Хозяин и хозяйка того дома, где проходила очередная ассамблея, должны были подготовить помещения, напитки, сладости, столы для игры в шашки и шахматы: всем было известно, что Пётр отлично играл в шахматы и всегда старался найти партнеров среди гостей (карт Пётр не любил). Хозяин дома не был «повинен гостей ни встречать, ни провожать, ни потчевать». В одной из комнат беседовали старики, а другой веселилась молодежь, в третьей курили табак и пили вино.

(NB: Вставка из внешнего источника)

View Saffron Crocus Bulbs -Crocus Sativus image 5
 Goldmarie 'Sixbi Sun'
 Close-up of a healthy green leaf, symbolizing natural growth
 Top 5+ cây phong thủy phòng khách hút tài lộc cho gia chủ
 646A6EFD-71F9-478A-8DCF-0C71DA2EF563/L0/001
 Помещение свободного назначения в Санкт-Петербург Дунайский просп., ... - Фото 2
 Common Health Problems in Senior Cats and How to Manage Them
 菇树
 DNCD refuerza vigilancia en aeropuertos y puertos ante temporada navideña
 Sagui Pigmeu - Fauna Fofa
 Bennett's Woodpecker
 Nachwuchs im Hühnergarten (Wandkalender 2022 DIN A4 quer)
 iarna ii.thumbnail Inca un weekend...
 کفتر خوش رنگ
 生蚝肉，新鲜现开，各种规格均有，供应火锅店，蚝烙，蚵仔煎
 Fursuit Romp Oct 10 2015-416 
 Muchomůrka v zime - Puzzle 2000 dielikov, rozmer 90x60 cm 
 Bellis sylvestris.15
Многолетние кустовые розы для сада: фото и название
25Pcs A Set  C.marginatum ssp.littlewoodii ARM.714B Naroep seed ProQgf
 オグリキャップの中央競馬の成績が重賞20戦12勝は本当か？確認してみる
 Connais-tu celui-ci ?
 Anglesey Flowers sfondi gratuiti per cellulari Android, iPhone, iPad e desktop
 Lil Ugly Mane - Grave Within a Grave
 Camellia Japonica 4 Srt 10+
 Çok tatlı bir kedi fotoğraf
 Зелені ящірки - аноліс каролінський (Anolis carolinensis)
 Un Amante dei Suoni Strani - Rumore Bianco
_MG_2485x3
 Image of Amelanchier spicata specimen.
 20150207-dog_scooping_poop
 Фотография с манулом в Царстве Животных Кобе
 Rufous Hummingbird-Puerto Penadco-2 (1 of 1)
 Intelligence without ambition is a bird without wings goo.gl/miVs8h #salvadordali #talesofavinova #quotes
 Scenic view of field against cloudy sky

По замыслу Петра, на ассамблеях должна была царить непринужденная обстановка. Каждый из гостей мог заниматься тем, чем ему хотелось: танцевать, вести беседы делового характера, играть в шахматы. Правда, современники отмечали, что эта непринужденность появилась далеко не сразу: многие попадали на ассамблеи впервые и просто не знали, как себя вести. «Все сидели, как немые, и смотрели друг на друга». Женщины сидели отдельно от мужчин, танцевали, словно по принуждению. Скованности добавляло и то, что многие боялись каким-то неправильным действием вызвать гнев царя, всегда присутствовавшего на ассамблеях. Однако уже через некоторое время иностранные гости отмечали, говоря, в частности, о присутствовавших на ассамблеях дамах, что они «так изменились к лучшему, что не уступают немкам и француженкам в тонкости обращения и светскости, а иногда в некоторых отношениях даже имеют перед ними преимущество».
В холодное время года ассамблеи по очереди принимали все важные петербургские вельможи и богатые купцы. Летом же сам царь часто устраивал приемы в Летнем саду.
Летние приемы часто устраивались в честь какого-нибудь события государственной важности, и тогда праздник завершался прекрасным фейерверком. Проведение ассамблей стало, по замыслу царя, настоящей школой светских манер, даже светского образа жизни. В обществе начал формироваться спрос на умение танцевать и вести светские беседы. Для молодых людей была издана книга «Юности честное зерцало, или показания к житейскому обхождению», которая только при жизни Петра пережила три переиздания. Пленные шведские офицеры за хорошее вознаграждение обучали молодежь в боярских домах заморским манерам и танцам.
Постоянная забота Петра об ассамблеях была общеизвестна. Народная молва упорно приписывала царю такой указ: «Нами замечено, что на Невской першпективе и в ассамблеях недоросли отцов именитых в нарушение этикету и регламента штиля в гишпанских камзолах и панталонах с мишурой щеголяют предерзко. Господину полицмейстеру Санкт-Петербурха указую впредь оных щеголей с рвением великим вылавливать, сводить в Литейную часть и бить кнутом пока от гишпанских панталонов зело похабный вид не окажется. На звание и именитость не взирать, также на вопли наказуемых».
Мечтой царя было сделать так, чтобы Нева стала главной транспортной артерией города, однако затея постоянно разбивалась о незнание морского дела горожанами. Весной 1718 года Пётр Великий своим указом учредил «для увеселения народа, наипаче же для лучшего обучения и искусства… Потомственный Невский флот», известный как «Невская флотилия» и состоящий из 141 яхты.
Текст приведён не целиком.